Open doanac opened 5 years ago
Turning off the gateway, I can get things a little more quiet and the log looks like:
I|2019-05-08 13:03:06,265|o.a.k.c.c.i.ConsumerCoordinator|Setting newly assigned partitions [DeviceUpdateEvent-ce-0] for group device-registry-DeviceUpdateEvent-ce
E|2019-05-08 13:03:06,343|akka.stream.Materializer|[DeviceUpdateEvent.listener] Upstream failed.

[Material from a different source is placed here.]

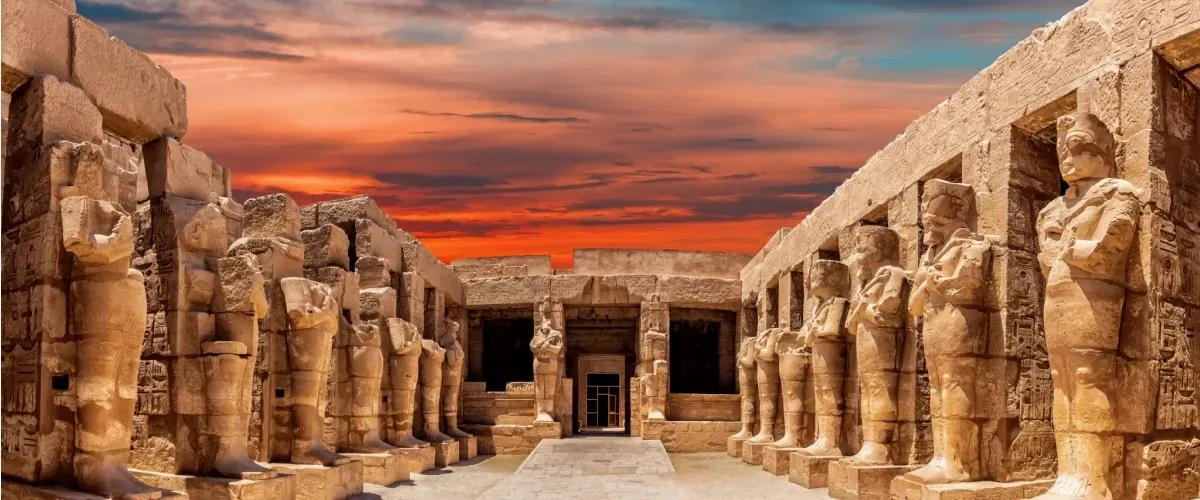 https://traveltopchoice.com/wp-content/uploads/2024/11/151054_101021_PlacestoVisitinLuxorheroimage-ezgif.com-jpg-to-webp-converter.webp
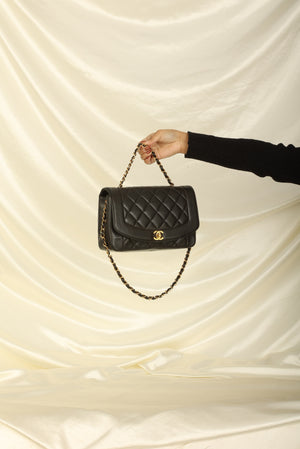 Chanel Vintage Diana in Medium size lambskin leather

com.advancedtelematic.libats.http.Errors$RawError: device doesn't exist
E|2019-05-08 13:03:06,348|c.a.l.m.d.MessageBusListenerActor|Source/Listener died, subscribing again
com.advancedtelematic.libats.http.Errors$RawError: device doesn't exist
I|2019-05-08 13:03:11,365|c.a.l.m.d.MessageBusListenerActor|Subscribing to DeviceUpdateEvent
Turning off all services (director, treehhub, tuf-keyserver, tuf-reposerver and the *-daemon) does not fix things, so it seems like there's something stuck in kafka?
out of desperation i did the following:
kafka-topics --delete --topic DeviceUpdateEvent-ce --zookeeper zookeeper
The device-registry seems to be happy again.
Found on version: device-registry:0.3.0-12-ga1ea92b
We have at least one device in our OTA Connect deployment who's status seems to be flapping between UpToDate and Outdated.
When looking at the logs I see the following messages repeating over and over. I have a feeling something here is the cause of the device status not looking correct, but I have no idea. It almost seems like there's a message in the queue we can't process and are hitting it over and over and over again.
Any ideas how we can get unstuck?